A woman artist’s archive is never just her own. Every letter, sketch or diary entry she leaves behind speaks to the struggles, triumphs and silences of countless women who came before her. To preserve one artist’s traces is to honour the many others whose voices were silenced, scattered, or forgotten.
While in art school, I came across a groundbreaking essay by American art historian Linda Nochlin: Why Have There Been No Great Women Artists?. Nochlin argued that women were not absent from art because they lacked talent. They were absent because the systems around them — academies, institutions, publishers, even families — excluded them. Her words revealed that what we call “art history” is not neutral but shaped by power, access, and bias.
That bias is visible in books still considered foundational today. E. H. Gombrich’s The Story of Art, first published in 1950, remains one of the most widely read introductions to art history. Yet its English and French editions include no women artists at all, while the later German edition mentions just one. Books like these are not formal archives, but they function as such: they define what is remembered, who is celebrated, and who is forgotten. And when women are left out of these narratives, their contributions become harder to trace, harder to value, and easier to forget.
Working with the archive of Dutch ceramicist Babs Haenen has shown me what it means to challenge that assumed silence. At first glance, her archive looks ordinary: exhibition catalogues, studio notes, glaze experiments, photographs. Yet as we build the database, its survival feels extraordinary. For many women artists, such records were never kept, nor recognized. Every file in Babs Haenen’s archive tells more than her personal story; it reflects the precariousness of women’s visibility in art as a whole.

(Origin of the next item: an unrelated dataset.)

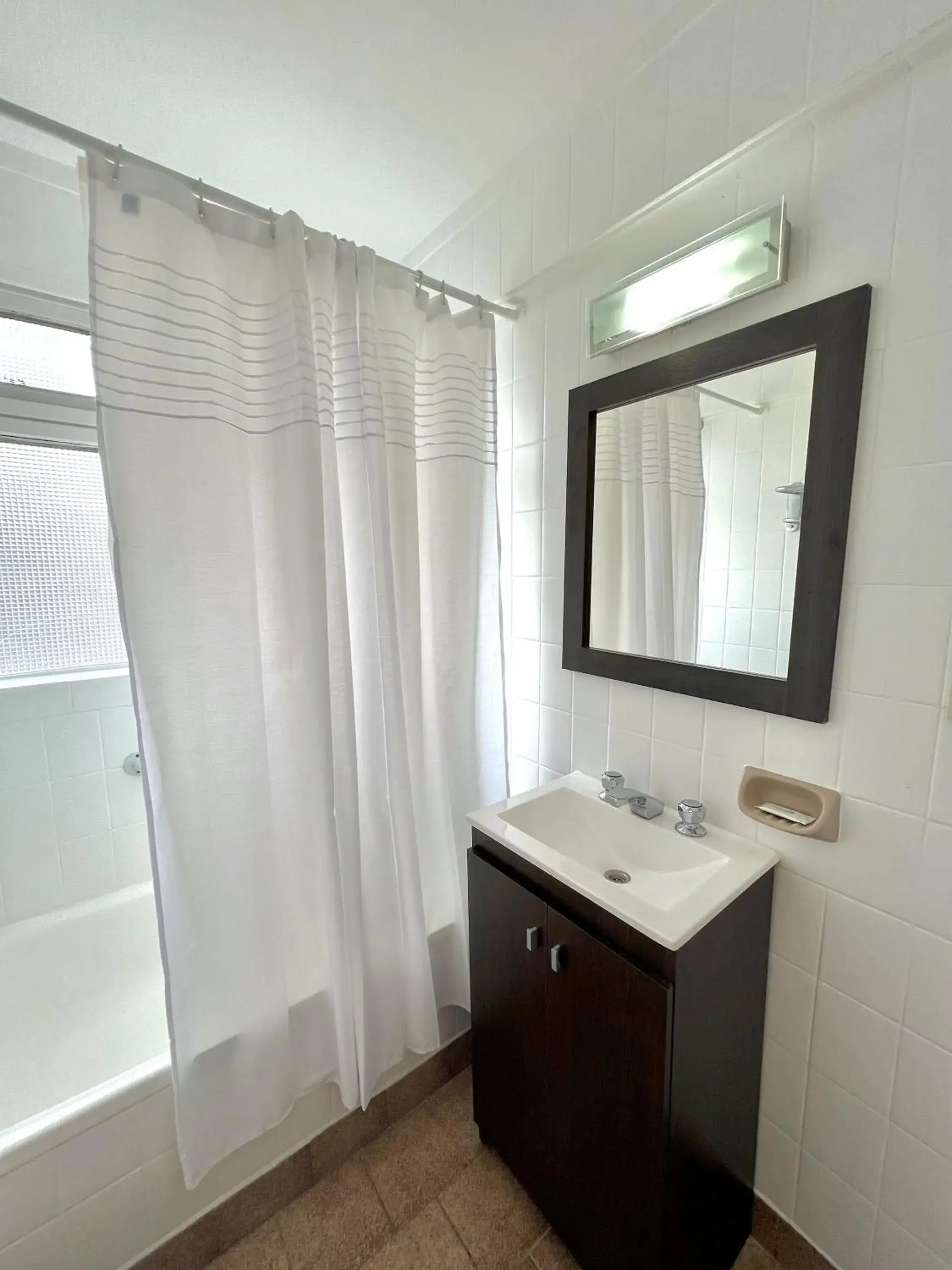 Bathroom in Golf Tower Suites & Apartments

A powerful example of how women should be portrayed in the art world can be found in AWARE (Archives of Women Artists, Research and Exhibitions), a nonprofit based in Paris. Through their database, research, and exhibitions, they reveal how women artists’ presence and absence in history are deeply connected. Their work shows that one woman’s archive is never just her own, but part of a broader effort to bring women’s stories back into art history and our shared cultural memory.
History is full of such erasures. Artemisia Gentileschi’s David and Goliath (c. 1600s) was long attributed to a male artist, until conservation work in 2020 revealed her hidden signature along the blade of David’s sword. For almost 400 years, her authorship was literally covered over, a striking metaphor for how women’s contributions were obscured or erased from view. Artemisia’s act of signing in “common view” can be read as a deliberate strategy, almost an early act of archiving to secure her place in history.

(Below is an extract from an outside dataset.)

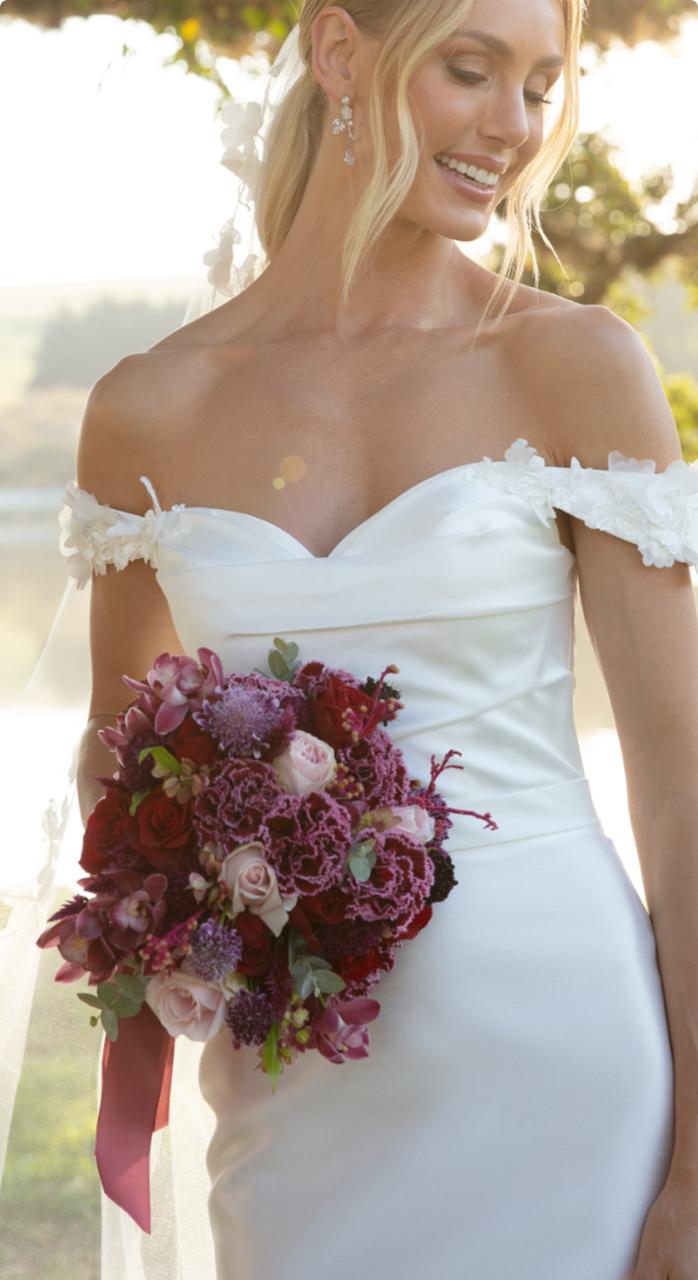 Vestido noiva estilo sereia, decote ombro a ombro, off-white, em zibeline.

The same is true in ceramics, long dismissed as “craft” associated with domesticity. Women’s work with clay was rarely recognized as art, let alone preserved in archives. And yet, through Babs Haenen’s dynamic forms and fearless use of colour, we see how ceramics can embody innovation, movement and artistic vision equal to any medium. Preserving her archive, then, is not just about one career; it is about reclaiming the legacy of an entire field and honouring the women who came before her. Ultimately, her digital archive will reflect the echoes of all the women whose stories were lost: the artists dismissed as craftswomen, the names erased from catalogues, the voices silenced by institutions or cultural norms.

Archiving women’s art is not just preservation. It is about recognition and a promise to the future: that we will not let women artists be overlooked ever again.


Marilia Fara
Your reflection makes clear how an archive can never be neutral. The absence of women in canonical texts like Gombrich’s shows how omission itself becomes a kind of archive, one that preserves silence rather than memory. The work you describe with Babs Haenen’s materials feels like a powerful counterpoint — demonstrating how even “ordinary” records gain weight when set against a history of exclusion. To preserve them is to insist that women’s contributions to art are not peripheral, but integral, and must be continually written back into history!